• [WORK REQUEST] Once the line containing "slide 1 of 4, Odwalla" is found in the entries below, reproduce it and every line after it, stopping at and including the line containing "Samsung Galaxy S21"; reproduce nothing else, and keep each line exact.

• [THE DATA]
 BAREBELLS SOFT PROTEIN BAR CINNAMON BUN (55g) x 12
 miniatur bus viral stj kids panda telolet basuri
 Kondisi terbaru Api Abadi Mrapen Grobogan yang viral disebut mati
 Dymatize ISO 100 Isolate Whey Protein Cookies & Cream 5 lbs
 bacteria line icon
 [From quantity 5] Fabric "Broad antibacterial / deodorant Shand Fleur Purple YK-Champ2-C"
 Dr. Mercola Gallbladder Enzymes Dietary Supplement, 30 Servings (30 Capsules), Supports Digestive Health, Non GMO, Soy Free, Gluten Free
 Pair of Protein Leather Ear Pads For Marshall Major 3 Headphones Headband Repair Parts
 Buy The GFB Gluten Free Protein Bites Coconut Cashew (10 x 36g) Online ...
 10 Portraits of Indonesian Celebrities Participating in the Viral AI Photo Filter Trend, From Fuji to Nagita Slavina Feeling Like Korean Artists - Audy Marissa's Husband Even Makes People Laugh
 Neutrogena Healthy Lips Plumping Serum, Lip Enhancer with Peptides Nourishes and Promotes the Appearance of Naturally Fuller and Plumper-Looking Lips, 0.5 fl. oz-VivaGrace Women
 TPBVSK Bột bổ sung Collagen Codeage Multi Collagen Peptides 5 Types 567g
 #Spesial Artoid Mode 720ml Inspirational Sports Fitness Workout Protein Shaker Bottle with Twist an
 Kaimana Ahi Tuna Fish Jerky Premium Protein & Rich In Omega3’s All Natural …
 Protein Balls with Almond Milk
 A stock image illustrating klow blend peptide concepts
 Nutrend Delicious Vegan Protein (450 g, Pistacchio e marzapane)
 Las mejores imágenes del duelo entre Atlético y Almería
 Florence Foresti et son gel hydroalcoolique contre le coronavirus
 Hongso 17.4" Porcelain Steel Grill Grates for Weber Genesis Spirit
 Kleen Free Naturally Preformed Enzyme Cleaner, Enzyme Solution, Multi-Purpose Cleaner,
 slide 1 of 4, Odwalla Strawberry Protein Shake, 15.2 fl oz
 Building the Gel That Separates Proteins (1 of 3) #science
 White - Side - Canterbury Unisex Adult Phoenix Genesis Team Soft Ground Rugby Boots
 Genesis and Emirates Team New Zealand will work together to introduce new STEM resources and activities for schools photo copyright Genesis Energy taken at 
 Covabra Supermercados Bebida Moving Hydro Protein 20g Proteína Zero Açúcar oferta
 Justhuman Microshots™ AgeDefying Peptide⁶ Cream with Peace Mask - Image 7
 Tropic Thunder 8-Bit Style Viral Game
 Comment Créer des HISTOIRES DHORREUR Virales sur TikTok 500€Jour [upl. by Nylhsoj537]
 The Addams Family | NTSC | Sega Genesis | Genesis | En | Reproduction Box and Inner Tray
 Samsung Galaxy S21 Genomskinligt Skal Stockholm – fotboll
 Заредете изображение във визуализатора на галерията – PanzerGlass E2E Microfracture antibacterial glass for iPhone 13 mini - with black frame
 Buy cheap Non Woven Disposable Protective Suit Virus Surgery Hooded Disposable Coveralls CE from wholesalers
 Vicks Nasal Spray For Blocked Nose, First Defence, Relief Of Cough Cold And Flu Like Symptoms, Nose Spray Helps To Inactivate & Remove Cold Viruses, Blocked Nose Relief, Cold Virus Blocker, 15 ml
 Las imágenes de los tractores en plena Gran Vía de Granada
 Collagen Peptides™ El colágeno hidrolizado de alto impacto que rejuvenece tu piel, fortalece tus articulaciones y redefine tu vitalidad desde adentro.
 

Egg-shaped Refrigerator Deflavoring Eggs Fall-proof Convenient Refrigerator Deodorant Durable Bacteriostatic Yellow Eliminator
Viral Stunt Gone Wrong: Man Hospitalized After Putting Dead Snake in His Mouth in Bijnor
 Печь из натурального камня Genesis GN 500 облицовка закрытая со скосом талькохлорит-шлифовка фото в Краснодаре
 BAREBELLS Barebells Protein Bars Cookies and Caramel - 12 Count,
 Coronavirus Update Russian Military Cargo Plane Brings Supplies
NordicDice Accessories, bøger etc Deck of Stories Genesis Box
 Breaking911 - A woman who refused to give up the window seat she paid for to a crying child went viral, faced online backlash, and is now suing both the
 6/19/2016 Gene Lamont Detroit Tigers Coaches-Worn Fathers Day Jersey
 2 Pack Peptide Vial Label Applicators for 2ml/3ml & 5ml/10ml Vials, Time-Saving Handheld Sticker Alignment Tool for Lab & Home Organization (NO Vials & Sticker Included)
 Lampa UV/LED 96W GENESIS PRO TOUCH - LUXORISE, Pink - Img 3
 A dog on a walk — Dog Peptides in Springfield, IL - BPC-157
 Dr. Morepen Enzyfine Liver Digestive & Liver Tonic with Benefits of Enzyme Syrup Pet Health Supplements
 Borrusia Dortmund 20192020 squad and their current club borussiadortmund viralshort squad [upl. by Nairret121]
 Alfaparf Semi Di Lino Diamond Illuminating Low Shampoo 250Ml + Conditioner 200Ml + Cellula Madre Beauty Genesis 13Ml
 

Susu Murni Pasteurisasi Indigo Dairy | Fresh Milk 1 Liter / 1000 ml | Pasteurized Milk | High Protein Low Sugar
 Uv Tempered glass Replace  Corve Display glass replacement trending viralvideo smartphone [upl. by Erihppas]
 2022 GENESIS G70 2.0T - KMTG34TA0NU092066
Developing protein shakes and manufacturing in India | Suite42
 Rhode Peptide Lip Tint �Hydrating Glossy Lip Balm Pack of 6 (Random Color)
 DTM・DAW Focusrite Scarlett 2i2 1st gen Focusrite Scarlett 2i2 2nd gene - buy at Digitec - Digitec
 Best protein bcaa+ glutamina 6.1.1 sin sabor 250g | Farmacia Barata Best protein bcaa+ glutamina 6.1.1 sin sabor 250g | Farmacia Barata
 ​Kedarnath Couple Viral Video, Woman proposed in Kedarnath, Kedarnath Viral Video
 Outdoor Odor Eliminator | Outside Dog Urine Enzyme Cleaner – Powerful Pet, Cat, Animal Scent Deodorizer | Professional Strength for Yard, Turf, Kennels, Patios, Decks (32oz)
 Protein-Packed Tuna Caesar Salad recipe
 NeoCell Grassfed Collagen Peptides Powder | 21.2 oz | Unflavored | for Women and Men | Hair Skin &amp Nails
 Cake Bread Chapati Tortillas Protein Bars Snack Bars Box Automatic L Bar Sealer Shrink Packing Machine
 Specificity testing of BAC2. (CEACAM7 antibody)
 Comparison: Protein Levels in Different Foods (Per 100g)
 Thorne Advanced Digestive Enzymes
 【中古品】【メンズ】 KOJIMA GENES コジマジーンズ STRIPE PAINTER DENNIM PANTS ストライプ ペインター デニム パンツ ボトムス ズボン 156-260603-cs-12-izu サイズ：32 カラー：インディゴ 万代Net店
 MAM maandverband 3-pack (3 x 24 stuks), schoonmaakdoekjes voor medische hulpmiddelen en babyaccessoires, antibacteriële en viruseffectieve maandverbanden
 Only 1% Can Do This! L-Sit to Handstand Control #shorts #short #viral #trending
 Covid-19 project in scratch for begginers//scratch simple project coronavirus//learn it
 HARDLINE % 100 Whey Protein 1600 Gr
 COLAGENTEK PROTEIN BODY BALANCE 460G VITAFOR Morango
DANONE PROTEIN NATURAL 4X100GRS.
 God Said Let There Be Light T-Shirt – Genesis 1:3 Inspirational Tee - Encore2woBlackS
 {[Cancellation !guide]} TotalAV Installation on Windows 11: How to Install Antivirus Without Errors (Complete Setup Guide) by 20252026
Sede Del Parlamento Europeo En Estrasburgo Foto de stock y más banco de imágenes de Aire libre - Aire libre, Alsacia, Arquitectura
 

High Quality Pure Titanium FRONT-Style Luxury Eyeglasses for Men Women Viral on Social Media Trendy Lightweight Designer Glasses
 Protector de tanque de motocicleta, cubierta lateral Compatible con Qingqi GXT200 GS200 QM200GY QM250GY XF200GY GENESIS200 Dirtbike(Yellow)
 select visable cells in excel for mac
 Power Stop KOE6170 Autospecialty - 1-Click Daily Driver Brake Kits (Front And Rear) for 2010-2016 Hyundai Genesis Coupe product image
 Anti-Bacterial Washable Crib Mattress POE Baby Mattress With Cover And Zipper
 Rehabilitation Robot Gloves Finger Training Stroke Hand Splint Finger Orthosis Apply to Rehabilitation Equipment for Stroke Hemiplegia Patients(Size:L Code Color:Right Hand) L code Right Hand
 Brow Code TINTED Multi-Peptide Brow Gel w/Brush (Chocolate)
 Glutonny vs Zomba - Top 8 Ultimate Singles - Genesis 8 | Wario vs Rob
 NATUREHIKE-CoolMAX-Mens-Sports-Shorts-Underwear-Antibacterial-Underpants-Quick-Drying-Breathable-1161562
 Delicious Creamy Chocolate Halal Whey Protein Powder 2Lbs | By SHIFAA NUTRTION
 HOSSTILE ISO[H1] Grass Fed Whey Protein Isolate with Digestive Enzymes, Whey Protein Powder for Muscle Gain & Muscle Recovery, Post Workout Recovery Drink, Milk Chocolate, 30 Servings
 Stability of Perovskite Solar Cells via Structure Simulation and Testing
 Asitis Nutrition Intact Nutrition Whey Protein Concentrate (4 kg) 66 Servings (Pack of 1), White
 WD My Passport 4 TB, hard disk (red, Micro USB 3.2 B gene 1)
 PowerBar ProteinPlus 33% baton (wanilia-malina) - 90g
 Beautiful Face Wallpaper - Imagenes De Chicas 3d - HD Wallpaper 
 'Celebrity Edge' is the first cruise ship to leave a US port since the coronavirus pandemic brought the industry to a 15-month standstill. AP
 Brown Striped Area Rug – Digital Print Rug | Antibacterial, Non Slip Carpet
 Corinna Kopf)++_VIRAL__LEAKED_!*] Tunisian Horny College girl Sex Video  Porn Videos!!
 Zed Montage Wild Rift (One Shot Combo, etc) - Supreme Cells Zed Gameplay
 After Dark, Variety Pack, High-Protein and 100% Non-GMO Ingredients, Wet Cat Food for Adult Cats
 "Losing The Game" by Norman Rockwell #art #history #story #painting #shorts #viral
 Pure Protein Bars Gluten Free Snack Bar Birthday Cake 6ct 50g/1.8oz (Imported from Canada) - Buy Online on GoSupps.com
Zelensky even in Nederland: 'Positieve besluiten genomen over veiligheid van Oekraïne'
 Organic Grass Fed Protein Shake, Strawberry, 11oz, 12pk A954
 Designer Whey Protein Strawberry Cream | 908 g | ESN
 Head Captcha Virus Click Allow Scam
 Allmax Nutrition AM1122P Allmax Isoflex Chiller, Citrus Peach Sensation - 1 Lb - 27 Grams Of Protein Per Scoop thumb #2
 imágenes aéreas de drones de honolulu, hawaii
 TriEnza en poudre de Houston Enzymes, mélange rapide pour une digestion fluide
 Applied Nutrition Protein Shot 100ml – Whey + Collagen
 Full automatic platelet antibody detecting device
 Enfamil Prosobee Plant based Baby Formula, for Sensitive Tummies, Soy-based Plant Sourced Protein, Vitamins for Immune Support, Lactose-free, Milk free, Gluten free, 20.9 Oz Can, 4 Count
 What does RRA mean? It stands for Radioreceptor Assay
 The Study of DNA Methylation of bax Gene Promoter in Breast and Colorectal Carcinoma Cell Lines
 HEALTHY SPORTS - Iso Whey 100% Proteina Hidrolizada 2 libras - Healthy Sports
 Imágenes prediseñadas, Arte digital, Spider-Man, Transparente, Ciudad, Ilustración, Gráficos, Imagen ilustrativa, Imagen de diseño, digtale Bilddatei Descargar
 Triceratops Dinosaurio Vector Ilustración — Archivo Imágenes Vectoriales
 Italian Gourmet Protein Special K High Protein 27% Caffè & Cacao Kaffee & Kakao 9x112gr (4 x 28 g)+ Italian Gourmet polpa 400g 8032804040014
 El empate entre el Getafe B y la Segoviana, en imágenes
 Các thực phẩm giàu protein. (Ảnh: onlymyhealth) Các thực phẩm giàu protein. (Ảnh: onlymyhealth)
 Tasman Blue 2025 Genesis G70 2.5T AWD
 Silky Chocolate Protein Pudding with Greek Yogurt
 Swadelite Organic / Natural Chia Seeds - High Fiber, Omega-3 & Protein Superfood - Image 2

• [TASK SOLUTION]
 slide 1 of 4, Odwalla Strawberry Protein Shake, 15.2 fl oz
 Building the Gel That Separates Proteins (1 of 3) #science
 White - Side - Canterbury Unisex Adult Phoenix Genesis Team Soft Ground Rugby Boots
 Genesis and Emirates Team New Zealand will work together to introduce new STEM resources and activities for schools photo copyright Genesis Energy taken at 
 Covabra Supermercados Bebida Moving Hydro Protein 20g Proteína Zero Açúcar oferta
 Justhuman Microshots™ AgeDefying Peptide⁶ Cream with Peace Mask - Image 7
 Tropic Thunder 8-Bit Style Viral Game
 Comment Créer des HISTOIRES DHORREUR Virales sur TikTok 500€Jour [upl. by Nylhsoj537]
 The Addams Family | NTSC | Sega Genesis | Genesis | En | Reproduction Box and Inner Tray
 Samsung Galaxy S21 Genomskinligt Skal Stockholm – fotboll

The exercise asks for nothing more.